The title of our image above is, “What not to do
So, what is wrong with the image above? If we look closely we can see that the driver has shifted their left hand to the top of the steering wheel while turning. This is one of the most common mistakes we see at Blayze, so today we want to tell you why this is a very bad habit.
In last weeks Weekly Coaching Tip we spoke about the importance of smooth inputs, especially at turn in. The biggest issue a driver incurs when shifting their hands is it pulls their shoulder away from the seat. As a small experiment, go sit in your car and put your hands at the 9 and 3 o’clock position. Turn one way without shifting your hands up the steering wheel, take note how if you are in the correct seating position the back of your shoulder can easily remain in strong contact with the back of your seat. Now go to turn again, and move your top hand to the top of the steering wheel while turning.
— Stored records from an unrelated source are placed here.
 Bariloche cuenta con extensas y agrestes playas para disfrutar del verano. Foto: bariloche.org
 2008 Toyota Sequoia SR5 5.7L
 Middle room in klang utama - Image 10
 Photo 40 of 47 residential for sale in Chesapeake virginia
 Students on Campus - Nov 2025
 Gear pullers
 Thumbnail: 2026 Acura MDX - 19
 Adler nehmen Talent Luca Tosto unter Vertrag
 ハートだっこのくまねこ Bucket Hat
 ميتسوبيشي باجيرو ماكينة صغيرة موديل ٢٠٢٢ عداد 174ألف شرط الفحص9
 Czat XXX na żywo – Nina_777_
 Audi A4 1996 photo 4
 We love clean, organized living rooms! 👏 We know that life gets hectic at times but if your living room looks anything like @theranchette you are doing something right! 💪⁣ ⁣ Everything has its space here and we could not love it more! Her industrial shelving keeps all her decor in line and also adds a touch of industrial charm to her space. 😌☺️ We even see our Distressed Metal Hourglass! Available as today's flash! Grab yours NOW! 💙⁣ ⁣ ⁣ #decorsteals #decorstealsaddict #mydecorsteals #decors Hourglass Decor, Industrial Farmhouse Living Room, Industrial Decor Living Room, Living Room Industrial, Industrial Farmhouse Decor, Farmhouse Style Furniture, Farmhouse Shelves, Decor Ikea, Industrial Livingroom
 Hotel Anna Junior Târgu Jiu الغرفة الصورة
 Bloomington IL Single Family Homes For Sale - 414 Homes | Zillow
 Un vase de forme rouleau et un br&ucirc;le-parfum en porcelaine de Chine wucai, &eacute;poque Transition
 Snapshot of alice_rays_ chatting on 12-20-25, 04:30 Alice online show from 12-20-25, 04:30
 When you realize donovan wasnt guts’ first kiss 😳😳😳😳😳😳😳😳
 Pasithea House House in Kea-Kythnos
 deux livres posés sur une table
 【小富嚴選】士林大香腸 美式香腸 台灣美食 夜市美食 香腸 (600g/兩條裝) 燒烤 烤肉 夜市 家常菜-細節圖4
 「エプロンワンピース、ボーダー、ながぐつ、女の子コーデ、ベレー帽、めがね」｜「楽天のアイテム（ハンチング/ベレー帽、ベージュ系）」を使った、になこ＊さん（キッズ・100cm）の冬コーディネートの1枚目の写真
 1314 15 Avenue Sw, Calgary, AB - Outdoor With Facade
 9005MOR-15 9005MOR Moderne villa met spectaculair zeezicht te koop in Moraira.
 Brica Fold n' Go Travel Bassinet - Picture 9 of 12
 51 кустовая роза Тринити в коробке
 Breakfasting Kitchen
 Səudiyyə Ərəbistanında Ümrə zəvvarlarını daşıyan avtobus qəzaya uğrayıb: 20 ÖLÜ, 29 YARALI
You will immediately notice the back of your shoulder come off the back of the seat.
The problem that occurs when a drivers shoulder comes off the back of the seat is it changes leverage. When that shoulder comes off we are moving our entire arm when turning the steering wheel, which makes it far more difficult to be precise. When the car has any type of snap oversteer it will be much more difficult to make the correct corrections and the driver will tend to overcorrect which turns into a much worse situation.
When our shoulder remains in contact with the back of the seat our shoulders have much more control of small movements needed. One piece of advice we always give is to make sure you have a camera positioned on yourself driving so you can review what your form looks like. Many drivers don’t even realize they shift their hands when turning, so consistently going over this video will be a great way to keep you in check!